When the US led the coalition effort in Libya, they were confident of their ability to dictate its goals and tempo. And when Washington bowed out, they felt they were in an even better position to set the pace and call the shots for NATO which took over in the first week of April.
But Sarkozy and Cameron failed to reckon on three tough nuts standing in their way: NATO Secretary-General Anders Fogh Rasmussen and two of its members, German Chancellor Angela Merkel and Turkish Prime Minister Tayyip Erdogan.
Rasmussen and the NATO military commander in Libya, Canadian Three-star General Charles Bouchard, had no intention of following the script laid down by London and Paris, least of all the line of action sold them by the British and French representatives attached to rebel headquarters in Benghazi.
NATO had its first chance to take a stand on Tuesday, April 12 when the rebels were, too weak to hold on and prevent Qaddafi's forces reaching their stronghold in Benghazi by the weekend unless NATO warplanes clobbered government forces.
At that point, British Foreign Secretary William Hague and French Foreign Minister Alain Juppé complained NATO was not doing enough to protect Libyan noncombatants and the alliance must intensify its air strikes against Qaddafi's forces.

NATO polarized

NATO turned them down, stating that the operation in Libya must comply with UN Security Council Resolution 1973 – i.e., not with the requirements of London and Paris.
This biting exchange, illustrating the depth of the disagreements within the alliance, arose from a development debkafile reported exclusively on Monday, April 11: Chancellor Merkel had quietly sent an emissary to Tripoli with NATO blessing for a stab at brokering an end to the war.
The arrival of German secret service ex-coordinator, Bernd Schmidbauer, was hardly noticed in the fanfare surrounding the arrival in Tripoli Sunday, April 10 of African Union delegation headed by South African President Jacob Zuma.
The African delegation obtained Qaddafi's consent to a "road map" for ending the war in Libya and leaving him in power transitionally, but ran into a flat rejection from the Provisional National Council in Benghazi, which would accept nothing less that Qaddafi's instantaneous removal.
Schmidbauer had several interviews with the Libyan ruler and his son Saif al-Islam after Berlin agreed that future negotiations would not require Col. Qaddafi to leave Libya under any circumstances.
NATO members are therefore deeply divided over the diplomatic endgame for Libya – a polarization marking the "contact group" meeting in Qatar Wednesday, April 13: London, Paris and up to a point Rome want Qaddafi out, whereas Germany leads a group ready to end the war on a compromise that meets demands for democratic reforms but leaves the Libyan ruler in place during a transitional period. This view is endorsed by the African Union.

One British foot in and one out of Libya

The Americans are taking a back seat in the argument. The complicated Turkish position is diagnosed in a separate article in this issue.
Monday, April 11, before the Doha meeting, Italian Foreign Minister Franco Frattini hurried over to London to consult with his British counterpart on how to save the rebels' international support from collapsing now that they are left with only three backers.
He found the British more or less with one foot in and one foot out of the Libyan conflict on the grounds that it was becoming too long and too expensive for their doddering economy to support.
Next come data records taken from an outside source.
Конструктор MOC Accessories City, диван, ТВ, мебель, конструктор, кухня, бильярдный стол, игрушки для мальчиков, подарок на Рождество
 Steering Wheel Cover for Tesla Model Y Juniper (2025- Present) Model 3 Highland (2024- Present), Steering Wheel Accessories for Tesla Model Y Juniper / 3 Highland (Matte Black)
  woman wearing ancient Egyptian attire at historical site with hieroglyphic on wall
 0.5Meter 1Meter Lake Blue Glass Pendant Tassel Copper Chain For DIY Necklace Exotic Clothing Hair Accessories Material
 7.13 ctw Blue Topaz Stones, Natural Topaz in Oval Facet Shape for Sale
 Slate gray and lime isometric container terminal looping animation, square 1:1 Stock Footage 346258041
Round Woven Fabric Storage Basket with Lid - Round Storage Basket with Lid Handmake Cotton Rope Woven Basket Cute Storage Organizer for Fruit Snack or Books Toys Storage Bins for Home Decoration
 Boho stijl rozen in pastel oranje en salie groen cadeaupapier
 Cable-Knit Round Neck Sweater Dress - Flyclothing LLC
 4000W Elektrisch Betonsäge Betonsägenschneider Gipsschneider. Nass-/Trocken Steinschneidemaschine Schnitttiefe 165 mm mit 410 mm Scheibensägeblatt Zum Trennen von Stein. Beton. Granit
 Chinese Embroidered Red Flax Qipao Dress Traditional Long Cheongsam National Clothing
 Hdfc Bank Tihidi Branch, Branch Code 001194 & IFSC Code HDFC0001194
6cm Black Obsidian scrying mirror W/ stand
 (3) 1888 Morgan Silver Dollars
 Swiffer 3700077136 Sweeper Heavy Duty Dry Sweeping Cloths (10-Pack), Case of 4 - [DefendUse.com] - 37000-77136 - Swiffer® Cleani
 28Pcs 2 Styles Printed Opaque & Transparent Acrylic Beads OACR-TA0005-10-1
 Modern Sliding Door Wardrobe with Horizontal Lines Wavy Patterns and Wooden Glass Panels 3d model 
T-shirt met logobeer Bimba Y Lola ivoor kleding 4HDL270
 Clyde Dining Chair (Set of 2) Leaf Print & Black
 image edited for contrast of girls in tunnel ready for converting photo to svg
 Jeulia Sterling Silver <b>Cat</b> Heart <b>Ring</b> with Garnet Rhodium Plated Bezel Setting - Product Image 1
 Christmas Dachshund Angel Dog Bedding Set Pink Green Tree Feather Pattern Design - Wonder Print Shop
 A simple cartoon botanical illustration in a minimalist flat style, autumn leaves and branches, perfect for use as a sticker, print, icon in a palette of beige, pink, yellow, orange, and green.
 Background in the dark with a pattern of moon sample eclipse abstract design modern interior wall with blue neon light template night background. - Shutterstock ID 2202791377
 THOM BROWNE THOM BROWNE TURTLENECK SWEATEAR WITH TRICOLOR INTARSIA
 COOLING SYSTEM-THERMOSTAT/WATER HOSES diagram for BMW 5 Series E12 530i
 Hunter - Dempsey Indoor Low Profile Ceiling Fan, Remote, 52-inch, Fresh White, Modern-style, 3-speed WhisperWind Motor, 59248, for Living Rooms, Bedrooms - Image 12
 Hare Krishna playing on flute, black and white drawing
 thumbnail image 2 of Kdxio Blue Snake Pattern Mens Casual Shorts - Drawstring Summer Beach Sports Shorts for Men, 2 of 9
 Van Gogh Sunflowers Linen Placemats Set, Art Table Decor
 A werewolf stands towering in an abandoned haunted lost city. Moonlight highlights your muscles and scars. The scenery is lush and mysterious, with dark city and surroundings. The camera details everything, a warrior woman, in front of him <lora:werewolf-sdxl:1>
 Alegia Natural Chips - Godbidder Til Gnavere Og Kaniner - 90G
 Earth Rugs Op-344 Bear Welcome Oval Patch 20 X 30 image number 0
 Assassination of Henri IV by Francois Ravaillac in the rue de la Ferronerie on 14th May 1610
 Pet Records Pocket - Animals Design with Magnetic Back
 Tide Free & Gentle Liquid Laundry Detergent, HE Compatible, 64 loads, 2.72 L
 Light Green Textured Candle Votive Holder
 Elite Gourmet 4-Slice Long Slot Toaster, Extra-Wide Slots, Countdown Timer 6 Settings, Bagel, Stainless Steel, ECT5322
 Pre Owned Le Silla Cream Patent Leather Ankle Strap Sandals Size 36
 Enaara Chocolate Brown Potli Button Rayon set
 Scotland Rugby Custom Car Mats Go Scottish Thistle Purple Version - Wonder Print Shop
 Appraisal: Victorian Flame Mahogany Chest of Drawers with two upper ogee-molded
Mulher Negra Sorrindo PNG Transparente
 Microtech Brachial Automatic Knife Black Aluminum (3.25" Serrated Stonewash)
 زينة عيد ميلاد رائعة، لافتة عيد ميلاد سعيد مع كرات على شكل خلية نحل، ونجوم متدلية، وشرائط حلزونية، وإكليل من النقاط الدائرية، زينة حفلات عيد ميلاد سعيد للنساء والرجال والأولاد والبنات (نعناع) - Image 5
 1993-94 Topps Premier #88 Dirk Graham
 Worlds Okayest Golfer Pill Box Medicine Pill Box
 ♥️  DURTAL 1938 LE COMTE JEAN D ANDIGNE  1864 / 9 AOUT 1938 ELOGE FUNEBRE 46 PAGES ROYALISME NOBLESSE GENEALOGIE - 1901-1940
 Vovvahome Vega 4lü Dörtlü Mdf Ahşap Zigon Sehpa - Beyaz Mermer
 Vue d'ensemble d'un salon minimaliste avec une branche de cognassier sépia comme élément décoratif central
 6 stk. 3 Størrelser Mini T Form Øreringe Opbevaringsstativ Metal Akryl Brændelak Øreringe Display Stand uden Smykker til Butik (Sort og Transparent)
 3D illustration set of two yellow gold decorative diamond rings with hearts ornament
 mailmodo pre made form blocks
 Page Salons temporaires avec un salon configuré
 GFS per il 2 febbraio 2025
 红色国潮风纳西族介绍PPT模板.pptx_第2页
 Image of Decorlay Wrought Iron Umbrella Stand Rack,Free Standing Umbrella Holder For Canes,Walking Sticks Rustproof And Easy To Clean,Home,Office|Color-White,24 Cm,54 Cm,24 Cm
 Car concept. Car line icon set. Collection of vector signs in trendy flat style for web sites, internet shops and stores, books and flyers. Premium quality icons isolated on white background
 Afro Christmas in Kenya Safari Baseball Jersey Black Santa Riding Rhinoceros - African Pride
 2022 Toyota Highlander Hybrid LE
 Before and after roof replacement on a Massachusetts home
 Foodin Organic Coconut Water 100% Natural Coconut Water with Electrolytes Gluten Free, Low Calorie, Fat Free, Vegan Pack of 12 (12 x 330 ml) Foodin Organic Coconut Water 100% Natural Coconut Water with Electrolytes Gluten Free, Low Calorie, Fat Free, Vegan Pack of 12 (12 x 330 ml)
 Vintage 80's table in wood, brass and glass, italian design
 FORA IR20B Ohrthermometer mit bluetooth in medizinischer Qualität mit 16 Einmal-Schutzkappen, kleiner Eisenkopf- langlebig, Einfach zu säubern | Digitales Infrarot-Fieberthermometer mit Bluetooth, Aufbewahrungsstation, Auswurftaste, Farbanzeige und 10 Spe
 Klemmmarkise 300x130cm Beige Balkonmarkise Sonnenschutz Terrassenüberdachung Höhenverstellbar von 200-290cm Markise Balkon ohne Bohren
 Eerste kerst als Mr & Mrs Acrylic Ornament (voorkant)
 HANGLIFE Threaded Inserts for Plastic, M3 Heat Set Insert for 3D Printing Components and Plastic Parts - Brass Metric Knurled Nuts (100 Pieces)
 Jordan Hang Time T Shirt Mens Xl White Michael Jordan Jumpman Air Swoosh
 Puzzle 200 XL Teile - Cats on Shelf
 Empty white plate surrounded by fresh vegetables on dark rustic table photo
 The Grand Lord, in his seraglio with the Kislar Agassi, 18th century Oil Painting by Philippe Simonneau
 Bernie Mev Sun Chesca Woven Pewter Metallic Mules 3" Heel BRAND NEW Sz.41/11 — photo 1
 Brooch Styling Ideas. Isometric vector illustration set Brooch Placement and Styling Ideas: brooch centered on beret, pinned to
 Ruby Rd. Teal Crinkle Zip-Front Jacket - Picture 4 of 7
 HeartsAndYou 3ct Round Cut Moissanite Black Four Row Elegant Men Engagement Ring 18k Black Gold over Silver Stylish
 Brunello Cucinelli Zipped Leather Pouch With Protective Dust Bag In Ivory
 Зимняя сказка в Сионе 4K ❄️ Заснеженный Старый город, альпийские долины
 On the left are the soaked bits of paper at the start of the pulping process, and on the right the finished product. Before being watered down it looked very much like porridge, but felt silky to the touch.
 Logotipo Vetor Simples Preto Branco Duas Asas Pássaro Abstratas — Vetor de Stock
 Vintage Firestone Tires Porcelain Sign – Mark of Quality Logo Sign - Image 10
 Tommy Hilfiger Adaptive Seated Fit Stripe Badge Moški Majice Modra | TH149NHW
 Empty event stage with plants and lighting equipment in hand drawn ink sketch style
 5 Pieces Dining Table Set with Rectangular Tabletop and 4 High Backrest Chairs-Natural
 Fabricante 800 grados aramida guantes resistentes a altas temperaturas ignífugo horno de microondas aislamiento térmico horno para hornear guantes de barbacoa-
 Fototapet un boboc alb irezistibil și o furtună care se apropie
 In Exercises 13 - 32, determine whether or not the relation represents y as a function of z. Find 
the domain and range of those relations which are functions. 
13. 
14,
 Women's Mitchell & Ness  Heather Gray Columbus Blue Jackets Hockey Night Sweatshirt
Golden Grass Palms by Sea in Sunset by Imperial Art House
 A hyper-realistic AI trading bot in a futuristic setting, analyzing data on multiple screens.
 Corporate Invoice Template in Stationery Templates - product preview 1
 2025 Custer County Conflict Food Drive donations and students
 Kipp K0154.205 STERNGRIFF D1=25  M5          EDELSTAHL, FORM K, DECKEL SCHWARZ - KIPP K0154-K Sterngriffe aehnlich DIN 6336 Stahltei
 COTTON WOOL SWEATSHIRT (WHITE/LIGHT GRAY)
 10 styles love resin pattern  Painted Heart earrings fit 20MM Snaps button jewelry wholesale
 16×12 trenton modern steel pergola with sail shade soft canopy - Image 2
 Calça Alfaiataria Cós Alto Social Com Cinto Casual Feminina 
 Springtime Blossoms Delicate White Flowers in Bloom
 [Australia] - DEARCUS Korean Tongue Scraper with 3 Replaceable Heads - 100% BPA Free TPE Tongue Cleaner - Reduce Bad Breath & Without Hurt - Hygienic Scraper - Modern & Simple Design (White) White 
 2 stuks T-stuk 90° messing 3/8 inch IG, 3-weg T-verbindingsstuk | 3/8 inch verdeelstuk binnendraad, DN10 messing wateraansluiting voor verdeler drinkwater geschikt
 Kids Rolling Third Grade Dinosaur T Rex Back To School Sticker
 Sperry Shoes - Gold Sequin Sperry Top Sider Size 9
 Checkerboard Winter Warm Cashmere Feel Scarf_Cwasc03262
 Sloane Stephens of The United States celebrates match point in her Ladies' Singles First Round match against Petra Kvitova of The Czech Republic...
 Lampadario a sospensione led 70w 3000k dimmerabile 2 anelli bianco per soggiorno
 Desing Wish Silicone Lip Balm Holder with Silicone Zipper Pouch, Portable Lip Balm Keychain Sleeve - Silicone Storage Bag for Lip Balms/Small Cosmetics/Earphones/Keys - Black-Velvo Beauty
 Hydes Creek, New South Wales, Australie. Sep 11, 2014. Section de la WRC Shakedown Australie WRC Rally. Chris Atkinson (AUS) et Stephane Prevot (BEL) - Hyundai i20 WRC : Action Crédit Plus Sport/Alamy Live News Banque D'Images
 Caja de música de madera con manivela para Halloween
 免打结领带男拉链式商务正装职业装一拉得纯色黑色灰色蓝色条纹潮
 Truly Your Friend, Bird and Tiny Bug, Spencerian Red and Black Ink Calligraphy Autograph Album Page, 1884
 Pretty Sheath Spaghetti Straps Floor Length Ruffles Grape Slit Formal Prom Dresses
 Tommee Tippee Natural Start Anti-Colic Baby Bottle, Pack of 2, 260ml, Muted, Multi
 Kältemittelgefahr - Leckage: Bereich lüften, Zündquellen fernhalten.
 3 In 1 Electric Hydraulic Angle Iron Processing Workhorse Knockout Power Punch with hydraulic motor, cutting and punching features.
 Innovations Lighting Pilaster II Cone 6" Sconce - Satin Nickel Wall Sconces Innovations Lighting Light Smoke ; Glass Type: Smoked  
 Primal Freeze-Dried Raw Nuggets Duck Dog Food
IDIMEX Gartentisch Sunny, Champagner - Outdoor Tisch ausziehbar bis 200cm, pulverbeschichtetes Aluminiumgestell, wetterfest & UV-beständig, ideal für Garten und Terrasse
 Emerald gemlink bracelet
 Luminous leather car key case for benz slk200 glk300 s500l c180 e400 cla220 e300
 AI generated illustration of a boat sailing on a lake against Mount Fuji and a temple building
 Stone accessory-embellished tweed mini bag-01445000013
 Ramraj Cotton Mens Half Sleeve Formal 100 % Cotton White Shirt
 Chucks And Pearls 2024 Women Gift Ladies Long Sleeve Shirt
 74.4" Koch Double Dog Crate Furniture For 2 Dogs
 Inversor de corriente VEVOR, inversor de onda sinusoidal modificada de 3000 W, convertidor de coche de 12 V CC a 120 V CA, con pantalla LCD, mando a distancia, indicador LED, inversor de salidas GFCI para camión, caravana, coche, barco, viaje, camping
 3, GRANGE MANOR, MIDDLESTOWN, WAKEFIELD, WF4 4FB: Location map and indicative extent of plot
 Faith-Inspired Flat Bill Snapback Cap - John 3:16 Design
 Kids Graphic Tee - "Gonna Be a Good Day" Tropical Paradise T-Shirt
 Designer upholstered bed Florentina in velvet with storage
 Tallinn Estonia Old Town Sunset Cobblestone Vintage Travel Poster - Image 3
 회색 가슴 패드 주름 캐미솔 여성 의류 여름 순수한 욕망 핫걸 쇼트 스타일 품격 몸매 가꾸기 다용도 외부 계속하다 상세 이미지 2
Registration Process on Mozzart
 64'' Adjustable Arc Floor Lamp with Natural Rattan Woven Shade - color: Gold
They complained that the other NATO members were not pulling their weight by putting up military assets and sharing in the financial cost of the operation.
The Foreign Office tried playing for time by sending Libya's ex-foreign minister Musa Kusa, who defected to Britain two weeks ago, to Doha to meet Qatari officials and "Libyan representatives."
Kusa's loyalties are still a cipher. He may still have a role to play at some point in the fate of his country. Indeed, he could even return to Tripoli on behalf of some party or turn out to have faked his defection.
But the endgame is already in sight. London is in a race with Paris to see who comes up first with an exit strategy from Libya. The diplomatic ball is therefore rolling.